Name Shame
Posted June 8, 2015
on:- In: Posts
- 3 Comments
Last week, I had the opportunity to emcee an awards event at my school. I call it an opportunity because I try to seize every chance I get to do public speaking. I enjoy it, while many of my fluent colleagues hate it and avoid it all costs. My co-workers were glad that I was willing to do it.
I have had years of experience with public speaking, through my association with Toastmasters and no longer dread it like I once did when I was really covert and afraid to stutter openly. But I still get a little anxious, like anyone would. My adrenaline gets flowing because like anyone, I want to do the best that I can at events like these.
As a stutterer, my biggest challenge is reading names aloud and introducing people. That was to be my primary role as emcee at the awards event – introducing each person and keeping the ceremony moving and flowing.
I was anxious about saying people’s names – as I knew I would stutter on them. And stutter I did.
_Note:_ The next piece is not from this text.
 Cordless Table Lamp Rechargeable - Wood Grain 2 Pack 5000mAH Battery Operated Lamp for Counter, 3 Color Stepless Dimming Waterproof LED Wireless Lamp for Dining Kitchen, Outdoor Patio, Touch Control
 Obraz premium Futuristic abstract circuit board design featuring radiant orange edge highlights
Some with light, easy repetitions, a couple with blocks.
No one seemed to care, as the event was about celebrating success and I was just a cog in the wheel to make sure everything went smoothly. The people whose names I was calling were getting certificates of appreciation – that’s what they focused on.
But it bothered me. It always does when it comes to names. I feel getting a person’s name right is important. Our name is our identity and it’s important. I feel bad when I stutter on a name and it “doesn’t come out right.” I feel like pronouncing someone’s name correctly is a show of respect.
I always worry about this – perhaps needlessly, as like I said, no one seemed to be bothered by it except me. It’s important to me that people get my name right, so I think I should get their’s right too.
What about you? Do you find it difficult with people’s names? Just your own name? Do you place importance on getting someone’s name right?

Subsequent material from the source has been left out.